The headline figure for the DGX Spark is “up to 1 petaFLOP of AI performance.” That number is real but specific, and it helps to know exactly what it measures.

It is an FP4 number

The petaFLOP figure is FP4 throughput: four-bit floating point. Blackwell’s 5th-generation Tensor Cores added native support for very low-precision formats, and FP4 is the lowest. Lower precision means each operation moves and computes fewer bits, so the raw operations-per-second count goes up dramatically compared to FP16 or FP8.

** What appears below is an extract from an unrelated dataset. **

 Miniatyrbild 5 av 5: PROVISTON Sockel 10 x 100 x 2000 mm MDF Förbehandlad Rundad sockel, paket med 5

This is not a sleight of hand. Low-precision inference is genuinely how modern models are served efficiently. But it does mean the petaFLOP is the ceiling for FP4 work, not a general-purpose compute rating. The same chip doing FP16 training math operates at a much lower FLOP count.

It assumes sparsity

NVIDIA’s number is the theoretical peak with the sparsity feature enabled. Structured sparsity lets the Tensor Cores skip a patterned subset of zero weights, roughly doubling throughput on models that have been trained or pruned to exploit it. A dense model that does not use structured sparsity will not reach the sparse peak.

So “1 petaFLOP” expands to “up to 1 petaFLOP, FP4, with structured sparsity, theoretical peak.” Read it as the optimistic ceiling for the most favorable workload, the way you read any vendor peak-FLOP figure.

Why FP4 matters for what you can run

Precision interacts directly with the unified memory story. Lower precision shrinks the weights:

Precision	Bytes per parameter	70B model weights
FP16	2	~140 GB
FP8	1	~70 GB
FP4	0.5	~35 GB

FP4 does double duty: it makes the Tensor Cores faster and it halves the memory footprint versus FP8, letting even larger models fit in the 128 GB pool. The cost is precision loss, which good quantization schemes (and formats like NVFP4) work hard to minimize. NVIDIA ships an NVFP4 quantization playbook for exactly this.

The takeaway

The petaFLOP claim is a fair description of the chip’s FP4 ceiling. When you are reasoning about real workloads, anchor on two things instead: how much memory your model needs at the precision you will actually run, and that token generation is bandwidth-bound. Those two facts predict your experience far better than the peak-FLOP headline.